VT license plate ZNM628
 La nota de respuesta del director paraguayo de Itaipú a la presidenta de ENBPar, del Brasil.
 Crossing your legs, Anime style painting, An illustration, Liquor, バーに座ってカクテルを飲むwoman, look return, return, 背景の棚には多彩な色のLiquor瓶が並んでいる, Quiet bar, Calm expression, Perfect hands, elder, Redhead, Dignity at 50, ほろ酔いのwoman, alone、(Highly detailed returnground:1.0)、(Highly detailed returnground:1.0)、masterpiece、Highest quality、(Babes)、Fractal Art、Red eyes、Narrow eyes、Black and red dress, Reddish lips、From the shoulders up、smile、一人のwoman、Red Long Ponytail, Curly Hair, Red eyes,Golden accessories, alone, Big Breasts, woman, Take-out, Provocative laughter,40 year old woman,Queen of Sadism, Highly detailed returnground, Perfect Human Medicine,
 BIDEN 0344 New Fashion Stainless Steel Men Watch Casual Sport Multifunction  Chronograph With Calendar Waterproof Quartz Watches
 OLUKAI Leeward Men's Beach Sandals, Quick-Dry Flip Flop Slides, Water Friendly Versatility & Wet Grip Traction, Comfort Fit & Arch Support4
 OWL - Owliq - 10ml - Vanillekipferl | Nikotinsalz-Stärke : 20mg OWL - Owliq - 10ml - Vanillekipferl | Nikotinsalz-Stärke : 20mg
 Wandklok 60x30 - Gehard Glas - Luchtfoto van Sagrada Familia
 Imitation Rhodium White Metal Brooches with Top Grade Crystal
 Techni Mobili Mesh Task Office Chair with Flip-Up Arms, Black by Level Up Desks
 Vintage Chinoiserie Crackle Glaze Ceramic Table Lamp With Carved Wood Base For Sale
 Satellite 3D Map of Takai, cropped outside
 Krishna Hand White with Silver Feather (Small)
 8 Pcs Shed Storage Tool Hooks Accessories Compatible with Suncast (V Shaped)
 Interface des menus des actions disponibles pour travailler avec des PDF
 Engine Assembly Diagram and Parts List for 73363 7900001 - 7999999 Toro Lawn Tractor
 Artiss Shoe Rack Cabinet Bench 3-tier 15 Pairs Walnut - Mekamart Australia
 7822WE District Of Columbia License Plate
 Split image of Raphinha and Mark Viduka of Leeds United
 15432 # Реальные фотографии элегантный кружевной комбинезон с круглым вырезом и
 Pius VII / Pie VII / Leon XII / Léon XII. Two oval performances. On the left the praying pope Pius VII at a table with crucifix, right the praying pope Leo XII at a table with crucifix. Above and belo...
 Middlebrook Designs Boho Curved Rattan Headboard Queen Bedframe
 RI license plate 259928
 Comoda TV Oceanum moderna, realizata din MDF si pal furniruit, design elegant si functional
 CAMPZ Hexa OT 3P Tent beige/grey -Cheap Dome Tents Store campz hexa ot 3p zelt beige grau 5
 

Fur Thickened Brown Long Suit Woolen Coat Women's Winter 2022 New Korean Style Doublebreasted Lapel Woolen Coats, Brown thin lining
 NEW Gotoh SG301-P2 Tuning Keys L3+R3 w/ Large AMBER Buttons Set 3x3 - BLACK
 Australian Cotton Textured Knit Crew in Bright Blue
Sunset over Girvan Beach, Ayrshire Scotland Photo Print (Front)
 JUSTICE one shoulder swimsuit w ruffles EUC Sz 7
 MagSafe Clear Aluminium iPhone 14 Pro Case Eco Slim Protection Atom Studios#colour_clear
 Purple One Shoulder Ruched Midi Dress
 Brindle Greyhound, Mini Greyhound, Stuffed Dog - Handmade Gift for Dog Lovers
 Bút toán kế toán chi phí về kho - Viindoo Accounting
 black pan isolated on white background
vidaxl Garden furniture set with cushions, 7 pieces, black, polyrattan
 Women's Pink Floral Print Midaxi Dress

===============

:: What is expected ::
How many lines in this listing contain "Queen"? Give that number and stop.

:: Result for this task ::
2